Of the choices you listed, I would personally prefer a new XD over a used Taurus.

What is the gun going to be used for? Concealed carry? Range? Home defense?

-Jeff-


----------



## Joeywhat (Apr 17, 2008)

I'd take the XD, then the Hi Power. I'm not interested in taurus auto-loaders.


----------



## Dredd (Feb 22, 2008)

Taurus is bad, bad, juju. 

Of what you mentioned the clear winner is the XD. Far simpler design with a lighter weight.


----------



## undrgrnd (Jul 10, 2008)

pros
xd is highly reliable all around great weapon
taurus makes a decent pistol and with my experience very reliable plus can't beat lifetime warranty
browning is ok.

cons
xd sorry I don't have anything bad to say
taurus reliablity is a huge debate, some hate em some love em and supposedly cust service sucks
browning well the .380 I've used didn't go back together after disassembly as easy as it should have.


----------



## Scratchshooter40 (Jun 17, 2008)

*What fits you best?*

You mentioned that all the selections felt natural in your hand and the sights lined up automatically. Have you shot any of them. I am a Beretta guy and the Taurus is made in South America on Beretta tooling and is only slightly different than the late model Berettas in fit and finish. Some even prefer the safety location on the PT92. $450 seems a bit pricey for the PT92 used when you can get a new LE model Beretta 92 FS for $389.00 with 2 spare mags. I am definetly not a SA fan. Nothing specific, just don't fit me. Shot a .40 cal SA and did well with it, just doesn't feel good in my hand. The Browning Hi-Power is a fantastic classic with perhaps the best and most comfortable grip of any double stack semi-auto that has ever existed. I carried one for years when I was a narcotics agent with a multi-juristictional task force in South Georgia/North Florida 30 years ago. They work and are one of the most perfectly designed handguns on the planet. I carry my Beretta 96 FS daily and it does the job for me. I have the 92 FS so that I shoot more, 9mm cost, and it is identical to the 96 FS save caliber. I'd rent the ones you are most interested in and shoot them. That will answer your questions with actual results


----------



## Bisley (Aug 24, 2008)

I vote for the XD. Mine is accurate, has a smooth trigger, and shoots any ammo.

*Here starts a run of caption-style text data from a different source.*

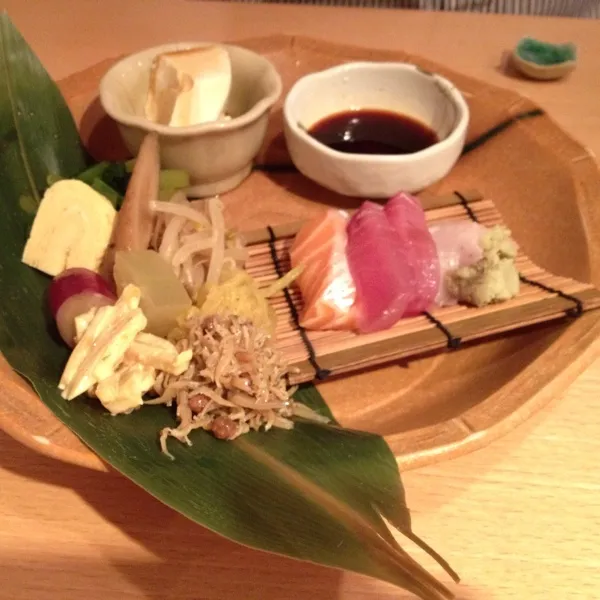 お昼の定食
日替わりはもち豚と玉ねぎのさっと煮とおばんざい
お刺身とおばんざい
まあ 1000円なら良しとしよう！|Yuriさん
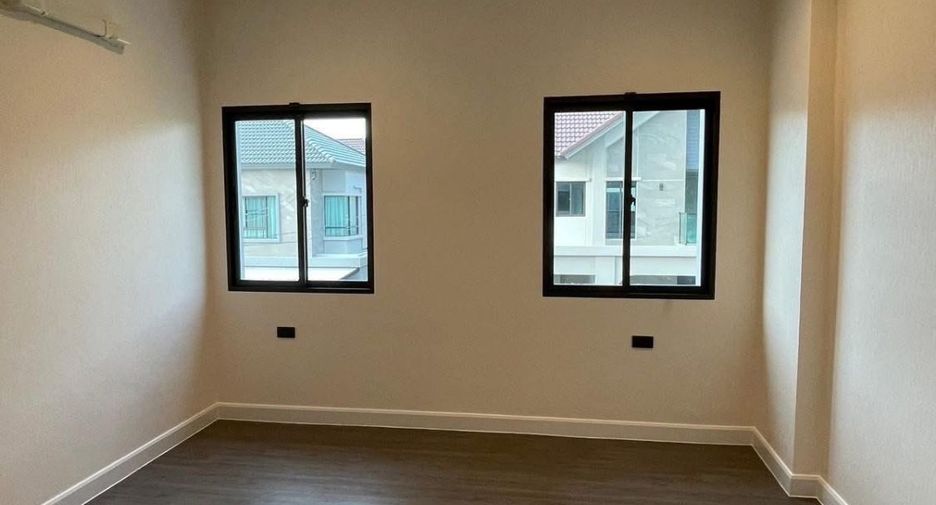 For sale 4 bedrooms house in Bang Kruai, Nonthaburi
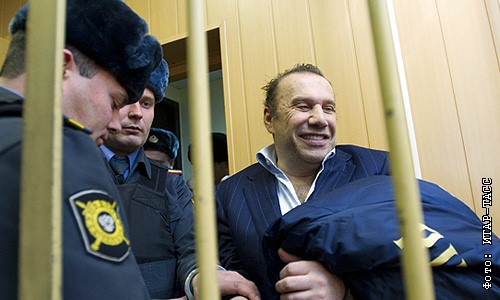 Бизнесмена виктора тарасова фото "Конечно, не признаю", - заявил Виктор Батурин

I have never owned a Taurus, and if I ever do own one, it will be an experiment to see for myself how good they are. I have heard about an equal number of pros and cons, and that puts them way down on the list for me, with so many guns out there that have impeccable reputations, that only cost a hundred or so dollars more. I may buy one someday, just to see if I can break it, but I would have to wring it out pretty good before I would rely on it for self-defense.

I also know very little about the Hi-Power, except that it has been around a long time, and has a good reputation, as do most Brownings.


----------



## Teuthis (Apr 9, 2008)

Browning High Power is a fantastic combat weapon, but it is an older style technology. The XD might be more appropriate for your needs, especially if you plan to carry the pistol. I say this because I am not a proponent of carrying cocked and locked for civilian use.


----------



## Dredd (Feb 22, 2008)

Teuthis said:


> Browning High Power is a fantastic combat weapon, but it is an older style technology. The XD might be more appropriate for your needs, especially if you plan to carry the pistol. *I say this because I am not a proponent of carrying cocked and locked for civilian use.*


1911 baby :smt023


----------



## Ruger71 (Jan 15, 2007)

Thanks for the replys. My use for this gun is a universal toy. Bigger than a 22, smaller than my 45 Colt, affordable to shoot enough to get accurate with it, etc. I intend to get my CCW permit in the future so that I can legally carry it in the car with me (I work nights and across the state line). 

My wife and kids like my 45, so trading it isn't an option. I was hoping to find something used for $300-$400 but I'm not having any luck. My wife thinks that they will get cheaper with the economy the way it is as people get rid of what they don't need, I think they will only get higher. What do you all think?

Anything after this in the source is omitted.